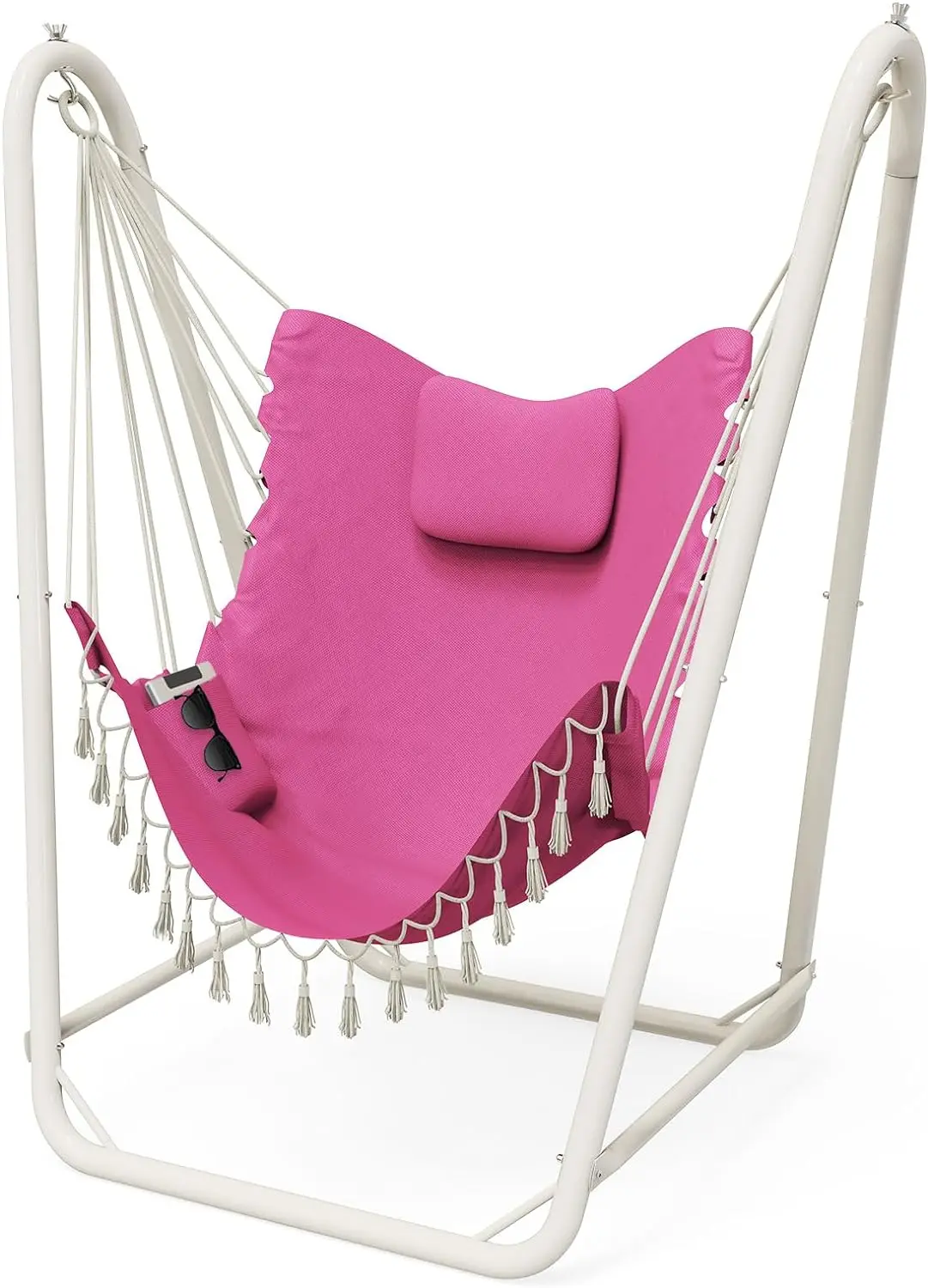 Hammock Chair with Stand,Heavy-Duty Hanging Chair with Stand, for Indoor Outdoor,Sturdy Swing Chair with Stand Max Load
Hammock Chair with Stand,Heavy-Duty Hanging Chair with Stand, for Indoor Outdoor,Sturdy Swing Chair with Stand Max Load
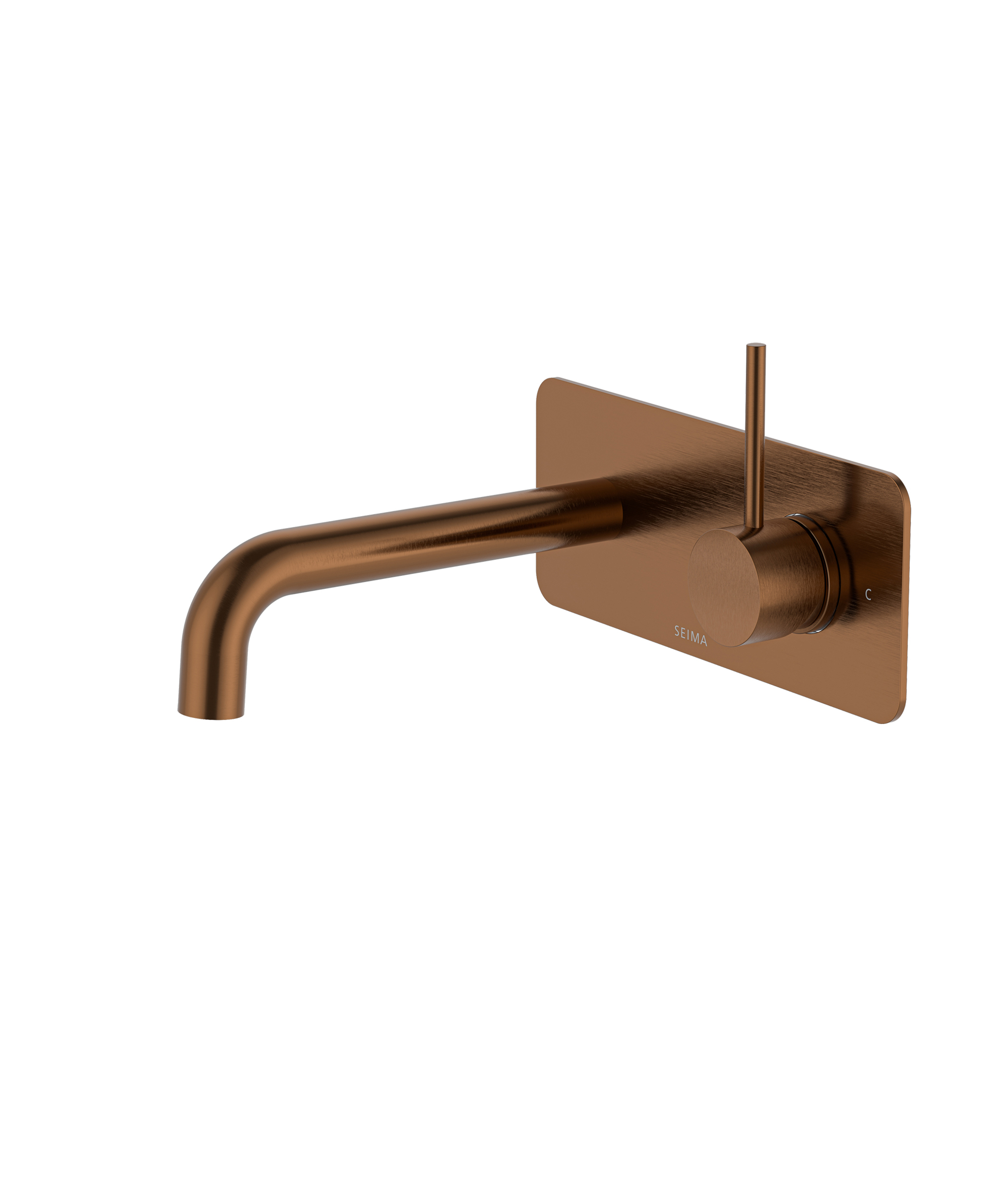 Anson Pin Up Wall Mixer Set with Full Plate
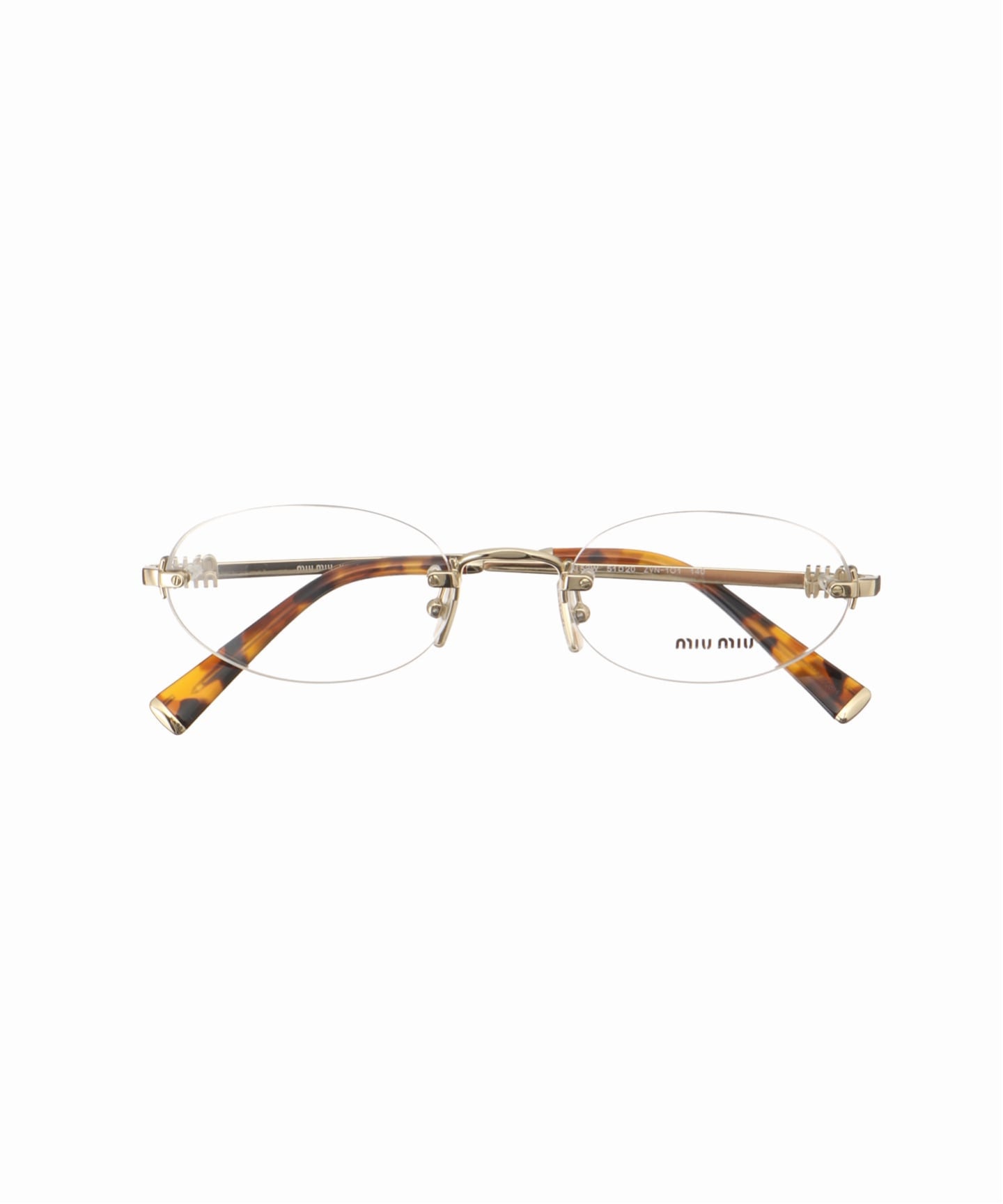 メガネ MiuMiu FW24 Miu Miu - 0MU 53WV - 1BC1O1 (0MU 53WV 1BC1O1) Miu Miu MIU MIU MU 53WV 1BC1O1 Sunglasses | Grailed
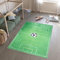 TAPISO Emma Teppich Waschbar bei 30 Grad Grün Sportplatz Fußball bedruckter Kinderteppich Antirutsch Kinderzimmer Jugendzimmer Modern ÖKO-TEX 80 x 150 cm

*Assignment*: Every line above is to be returned exactly, with its pictures removed.

*Written solution*:
 Hammock Chair with Stand,Heavy-Duty Hanging Chair with Stand, for Indoor Outdoor,Sturdy Swing Chair with Stand Max Load
Hammock Chair with Stand,Heavy-Duty Hanging Chair with Stand, for Indoor Outdoor,Sturdy Swing Chair with Stand Max Load
 Anson Pin Up Wall Mixer Set with Full Plate
 メガネ MiuMiu FW24 Miu Miu - 0MU 53WV - 1BC1O1 (0MU 53WV 1BC1O1) Miu Miu MIU MIU MU 53WV 1BC1O1 Sunglasses | Grailed
 TAPISO Emma Teppich Waschbar bei 30 Grad Grün Sportplatz Fußball bedruckter Kinderteppich Antirutsch Kinderzimmer Jugendzimmer Modern ÖKO-TEX 80 x 150 cm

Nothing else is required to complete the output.